What was the impact? Cuaron's major moves mostly involved making the films more natural and less, as Guillermo del Toro (who turned down the opportunity to direct) called it, "cheery," but in practice what comes across most is how much the actors themselves have evolved between films. Azkaban marked Gary Oldman and David Thewlis' debuts in the series — two very "serious" actors with a long history in independent film. And, like Cuaron, and you can tell that their presence helped influence the performances of the three young actors at the series' core. Basically: Everyone's more grown-up. The stakes are higher, the emotions are bigger (yet subtler), and it just feels less like a "kids' movie." Everything gets turned up a little bit. Daniel Radcliffe himself says, to this day, that the first time he ever felt like a "real actor" was when Cuaron worked with him on this film.

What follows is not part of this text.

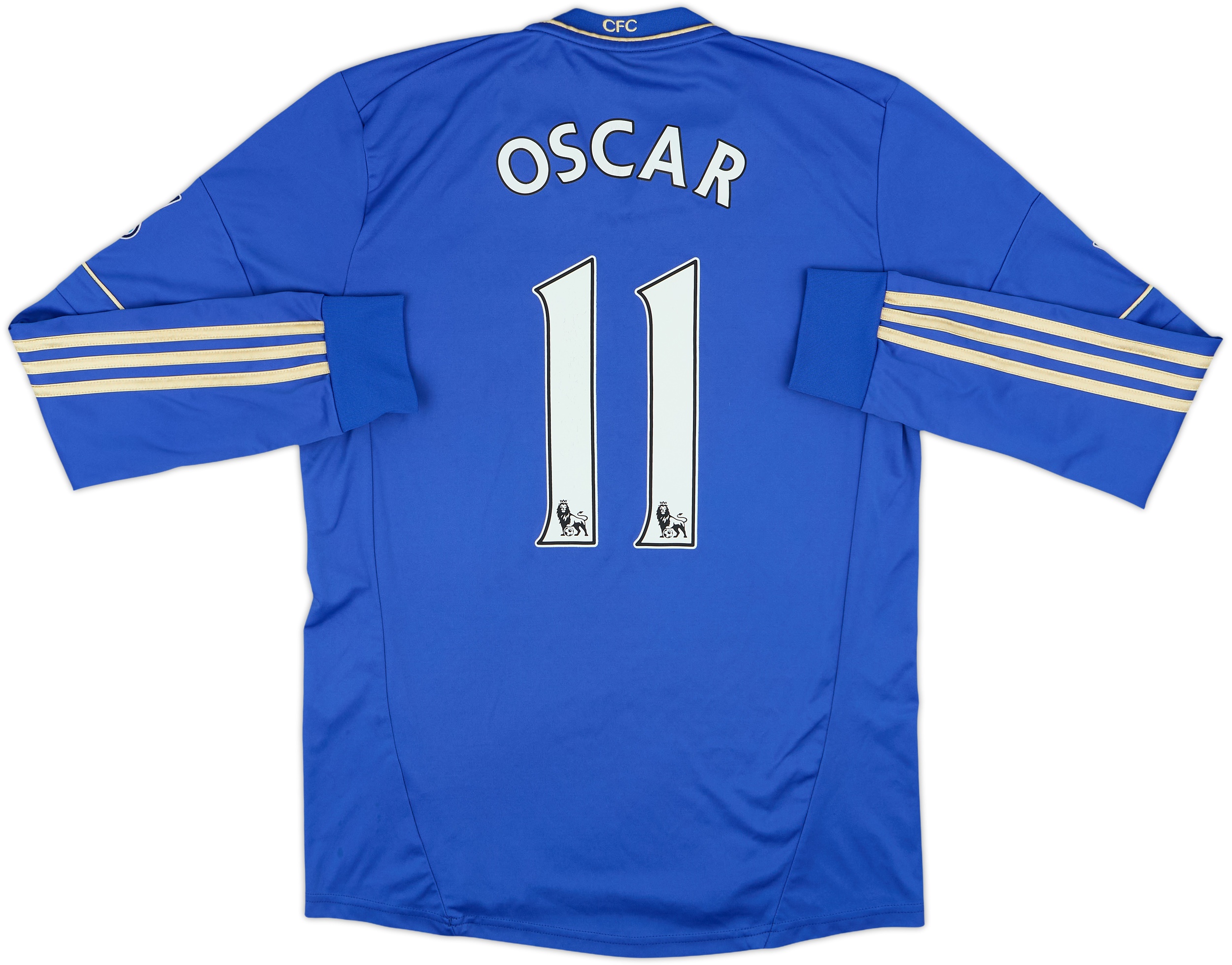 12-13 チェルシー オスカー OSCAR 11番 長袖 シャツ 2012-13 Chelsea Home L/S Shirt Oscar #11 - 6/10 - (S)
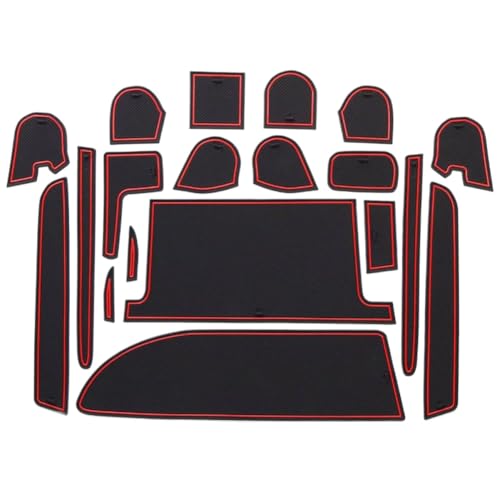 Tapis de tasse antidérapants pour VOXY 80/85 - Protection caoutchouc lavable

Perhaps inevitably, the box office actually went down a bit from the previous two films. It is actually, to this day, the lowest grossing of the eight Harry Potter movies. (It did outgross one Wizarding World movie though — 2018's The Crimes of Grindelwald.) But, it was still huge, and a good argument could be made that Azkaban, which was slightly darker and slightly less accessible than the first two Columbus films, laid all the groundwork for all that came afterward. It made less money so the movies after it could make more.

Has it held up? It is remarkable, all this time later, how terrific this film looks. Now we know what else Cuaron is capable of — the dystopian vision of Children of Men, the ambition of Gravity, the Spielbergian mastery of the form of Roma. And while he shows off many of those abilities with Azkaban, what jumps out first from this film is just how incredible of a filmic experience it is just to sit with this movie. Everything seems palpable and breathing in a way that the first two films, for all their many, many charms, don't quite match. Because Columbus' movies did such a good job of introducing moviegoers to the magic of the Wizarding World, Cuaron had the freedom to make it feel even more textured and real three movies in. You can see it in the actors, too. They realize, perhaps for the first time, that this is a movie, and a franchise, to take seriously.

No Potter movies after this one had the scope and canvas as Azkaban. But they didn't have to. It was as if Cuaron cleared the brush and paved the path for the directors who came after him to follow. He would go on to great things, but his touch was forever on this franchise, and it was better, and more lasting, for it.